The plaintiffs marshal sufficient evidence for this question to be put to a jury. In their objection to the motion for summary judgment, the plaintiffs point to record evidence demonstrating or supporting a reasonable inference that: (1) Michael Kelley owns and operates both Kelley Trucking and Kel–Log; (2) Kelley Trucking and Kel–Log were incorporated to serve distinct purposes; (3) Kelley Trucking was incorporated for the purpose of trucking and delivery; (4) Michael Kelley trains Kelley Trucking employees on how to install winter tires on Kelley Trucking vehicles; (5) Michael Kelley recalls giving Doucette that training; (6) Michael Kelley directed Doucette to transport the fell buncher on the day in question; and (7) Michael Kelley directed that Doucette do so using a Kelley Trucking tractor-trailer truck. See doc. no. 15–1 at 3–5, 14–18.6 When viewed in the light most favorable to the plaintiffs, these facts support a reasonable inference that Kelley Trucking exercised some measure of control over Doucette at the time of the accident. Whether this control was sufficient, in light of the relevant factors, for Doucette to be a borrowed servant of Kelley Trucking is a quintessential jury question.7 See Wilson, 475 F.2d at 501.

IV. CONCLUSION
*6 For the reasons set forth above, the court denies the defendants’ motion for summary judgment (doc. no. 14).

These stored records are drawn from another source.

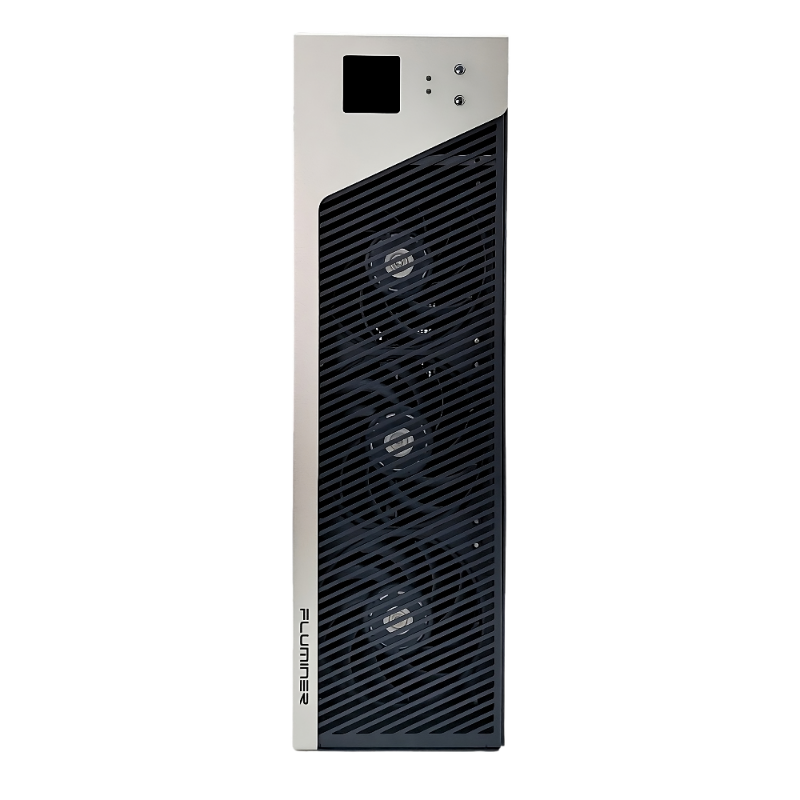 Fluminer L1 Pro — front view, vertical — manufacturer photo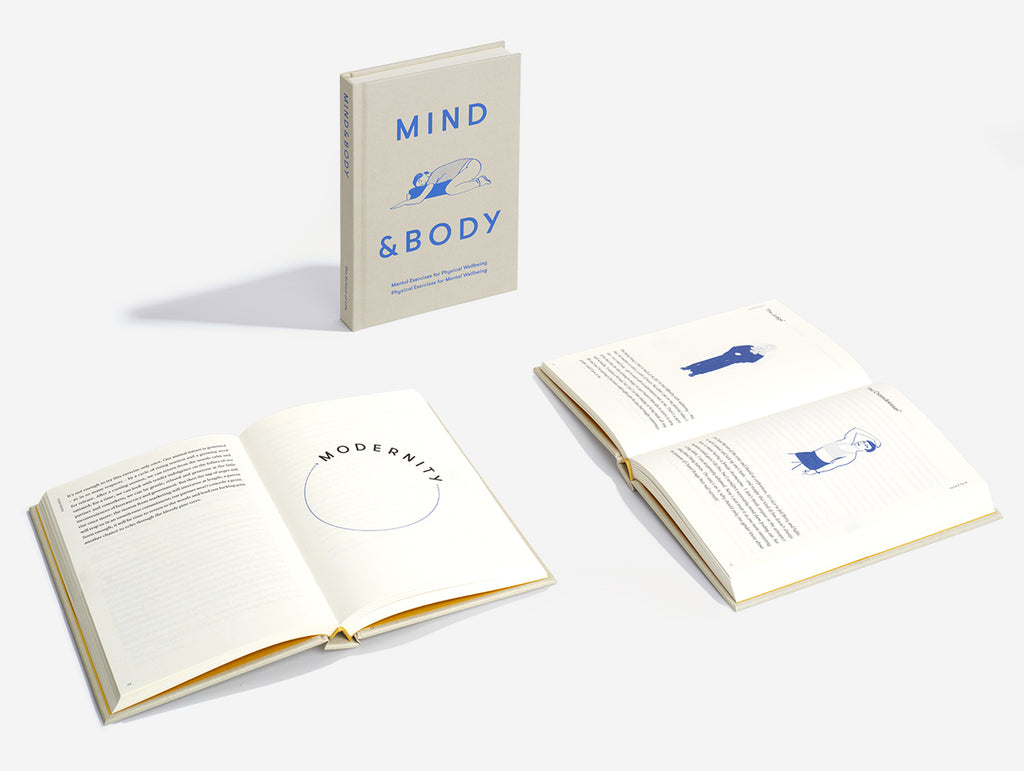 The School of Life Mind & Body - The Journal Shop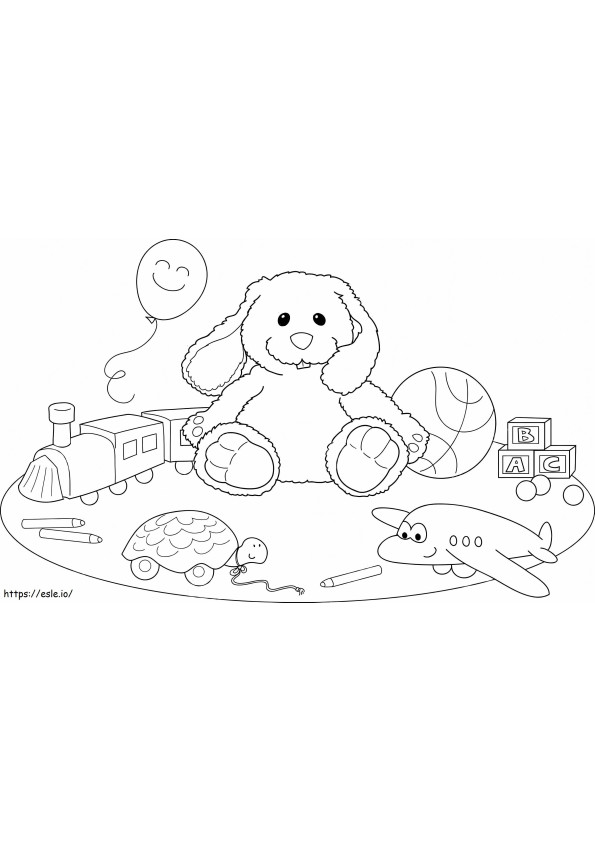 Kawaii Toy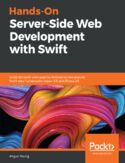 Ebook Hands-On Server-Side Web Development with Swift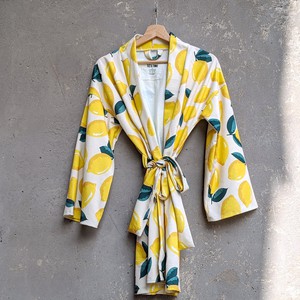 Lemonade: The Lazy Livin' Robe from TIZZ & TONIC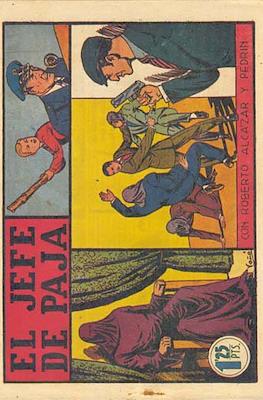 Roberto Alcázar y Pedrín #134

The Clerk’s Office shall schedule a case-management conference at which the court will establish a schedule for the merits phase of this litigation. The parties shall submit a proposed discovery plan at least five days prior to this conference.

SO ORDERED.

All Citations
Slip Copy, 2018 WL 3321435, 2018 DNH 137

Footnotes

1
Young’s widow, Samantha Young, brings this action individually, on behalf of Young’s estate, and as mother and next friend of her minor child, E.Y.

2
In their objection, the plaintiffs request that the court enter summary judgment in their favor on this issue. See doc. no. 15–1 at 13. Per the Local Rules for this District, “[o]bjections to pending motions and affirmative motions for relief shall not be combined in one filing.” See LR 7.1(a)(1); see also Jan. 9, 2018 Notice of ECF Filing Error (citing this rule and noting that the plaintiffs must file a separate motion for summary judgment). As the plaintiffs have not filed a separate motion for summary judgment, the court declines to reach this request.

3
New Hampshire courts have primarily addressed the alter-ego doctrine in the context of corporate veil-piercing. Those cases are not particularly helpful, however, as they predominantly focus on whether the corporate identity has been used “to promote an injustice or fraud upon the plaintiff ….” Mbahaba v. Morgan, 163 N.H. 561, 568 (2012) (citation omitted). Unsurprisingly, the defendants make no such suggestion here.

4
Section 112.01 focuses in large part on a parent-subsidiary relationship. The plaintiffs assert that Kel–Log and Kelley Trucking do not share such a relationship, and argue that this is further reason to reject the defendants’ alter-ego argument. At the hearing, the defendants suggested that Kelley Trucking is in fact a subsidiary of Kel–Log. The court need not resolve this issue, because even assuming Kelley Trucking is Kel–Log’s subsidiary, the court cannot conclude that they are alter egos as a matter of law for the reasons stated infra. The court accordingly leaves for another day how Kelley Trucking and Kel–Log are affiliated, and what impact (if any) this has on the alter-ego analysis.

5
Even assuming these lines of cases are analytically distinct, neither neatly applies to the present circumstances. On the one hand, the plaintiffs invoke the borrowed-servant doctrine in an attempt to hold Kelley Trucking liable for Doucette’s conduct. Yet the plaintiffs do so at least in part for strategic purposes, as there is no dispute that RSA 281–A:8 would bar their claims if Doucette was a Kel–Log employee at the time of the accident.

6
The plaintiffs cite additional favorable evidence in their surreply. See, e.g., doc. no. 28 at 2–3. The defendants argue that the court should not consider this evidence, as it was not properly cited in the plaintiffs’ objection. As the evidence actually cited in the objection is sufficient to defeat summary judgment, the court need not, and does not, consider this additional evidence now.

7
The defendants contend that that the plaintiffs have it backwards, and that Kelley Trucking in fact lent Kel–Log the tractor-trailer truck on the day in question. Thus, according to the defendants, Doucette remained a Kel–Log employee when the accident occurred. While there is certainly evidence in the record to support this conclusion, it is not the only reasonable conclusion that can be drawn from the evidence. As such, summary judgment is inappropriate.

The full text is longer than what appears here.